Les exploits de Gustave Eiffel fascinent. Comment est-il parvenu à ériger la célèbre tour qui porte son nom? Les documentaires ne manquent pas à cet effet, tout comme les téléfilms et voilà que le cinéma s'en mêle avec cette production particulièrement ambitieuse et titanesque.
Il sera évidemment question de cette incroyable structure de 300 mètres qui a été confectionnée en prévision de l'Exposition universelle de Paris de 1889. Tout l'éventail est déballé de long en large afin d'en mettre plein la vue au niveau de la faste recréation d'époque, des effets spéciaux retentissants, de la photographie texturée, etc. C'est aussi spectaculaire qu'une gigantesque coquille vide, superficielle comme une carte postale lustrée, ressemblant à ces biopics académiques et décoratifs qui croulent sous les clichés et les conventions.
Ce vibrant tour de force de la création humaine semble un simple prétexte pour raconter une romance d'un kitch absolu.

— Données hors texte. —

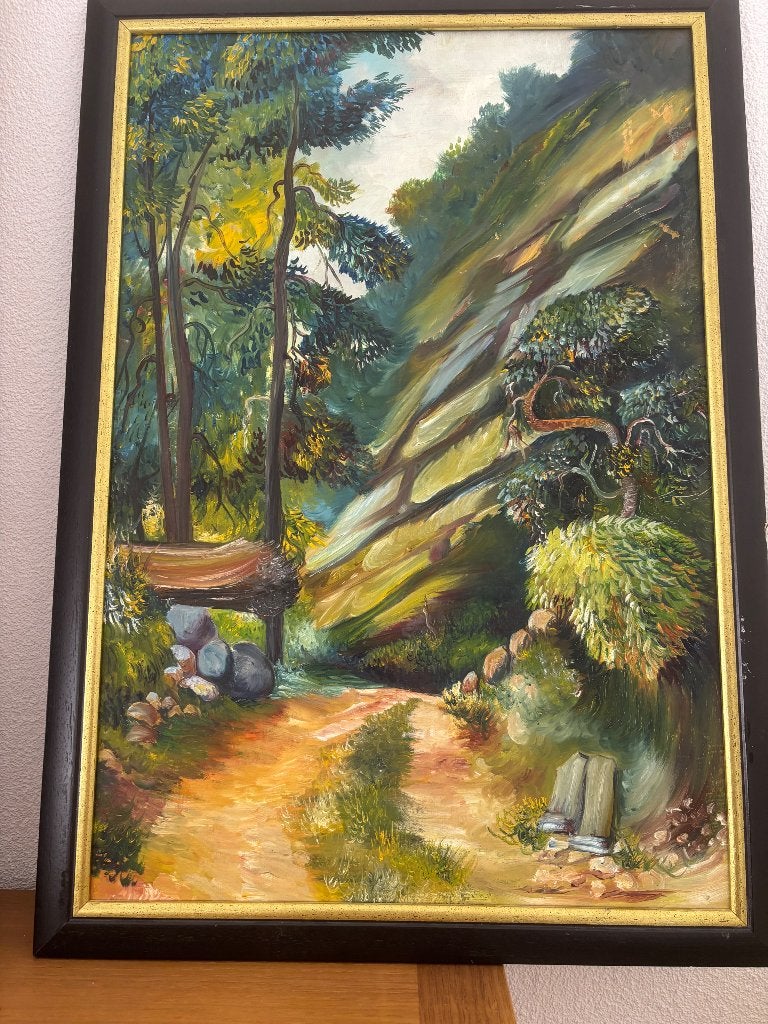 Schilderij Bhutan, Antiek en Kunst, Overige stijlen, Doek, Ophalen of Verzenden, Landschap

Pourquoi s'intéresser à l'Histoire si l'histoire inconséquente « très librement inspirée » de faits véridiques est au rendez-vous? Surtout que le scénario de Caroline Bongrand n'hésite pas à détourner le canevas sentimental de Titanic pour le reproduire paresseusement.
Entre Eiffel (Romain Duris), son bon ami Antoine (Pierre Deladonchamps) et Adrienne (Emma Mackey), c'est l'éternel triangle amoureux qui est reproduit et qui n'opère jamais complètement tant la chimie manque à l'appel entre les différents comédiens. Face à un Romain Duris trop jeune pour le personnage qui force les mimiques et une Emma Mackey (de la série Sex Education) qui semble parfois se demander ce qu'elle fait là, c'est Pierre Deladonchamps (Plaire, aimer et courir vite) qui offre le jeu le plus subtil. Il incarne peut-être un archétype, ce qui n'empêche pas l'acteur de briller dans quelques scènes, dont une, particulièrement angoissante, qui flirte avec l'horreur.

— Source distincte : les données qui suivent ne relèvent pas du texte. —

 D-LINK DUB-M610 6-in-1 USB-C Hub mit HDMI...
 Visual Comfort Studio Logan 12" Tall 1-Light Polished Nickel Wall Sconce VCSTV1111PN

À l'image du classique qui mettait en vedette Leonardo DiCaprio et Kate Winslet, il est question de luttes de classes, alors que notre héros n'est pas du même rang que sa prétendante. Cela amène une multitude de discours lourds et moralisateurs sur l'égalité et la nécessité que tous et toutes puissent jouir de la tour Eiffel. Des poncifs plus contemporains se retrouvent également de la partie, développant des élans féministes par-ci, rappelant par-là comment les êtres conservateurs sont réfractaires au changement.
La pilule aurait certainement été plus facile à avaler si elle était accompagnée d'une réelle virtuosité technique. Sauf que le cinéaste Martin Bourboulon ne possède pas le talent de James Cameron. Malgré son esthétisme soigné, le long métrage souffre d'une mise en scène guère personnalisée, à la musique omniprésente et aux ellipses discutables. Le rythme dynamique ne compense d'ailleurs jamais l'absence de chair autour de l'os. Sans doute que le réalisateur des deux épisodes de Papa ou maman aura plus de latitude sur le diptyque Les trois mousquetaires qu'il est en train de préparer et qui doit notamment mettre en vedette Vincent Cassel et Romain Duris.

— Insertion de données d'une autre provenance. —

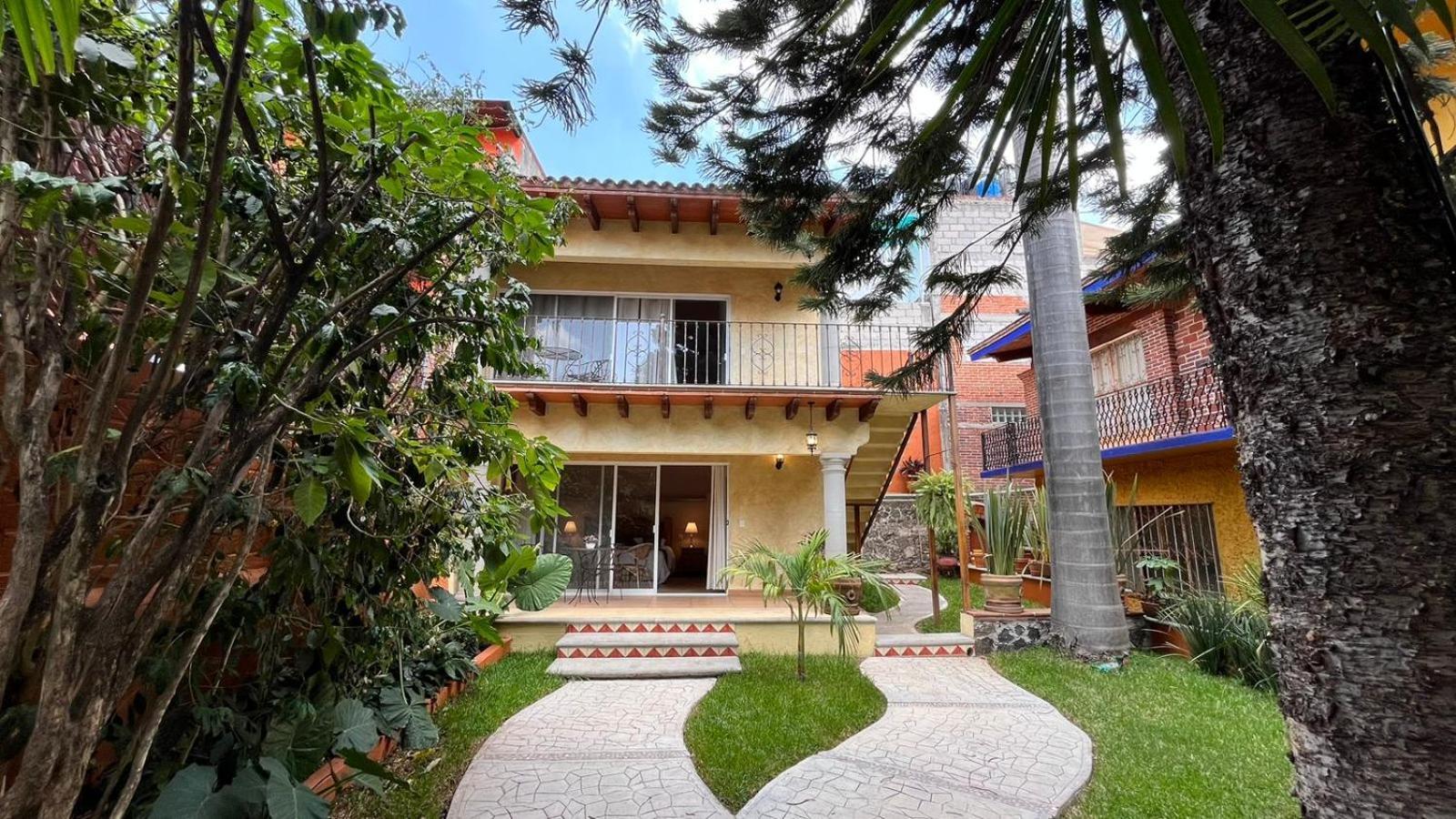 Casa Calnacazco Daire Tepoztlán Dış mekan fotoğraf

« La vie m'a appris à me méfier des surprises », lance Gustave Eiffel aux gens qui l'entourent. Il n'y en a d'ailleurs pas beaucoup dans ce film appliqué et lisse, qui s'apparente à une luxueuse publicité au charme suranné. L'art de prendre un sujet passionnant et de le dénaturer presque complètement en faisant de la romance fictionnelle et non de la mythique tour le principal enjeu du récit.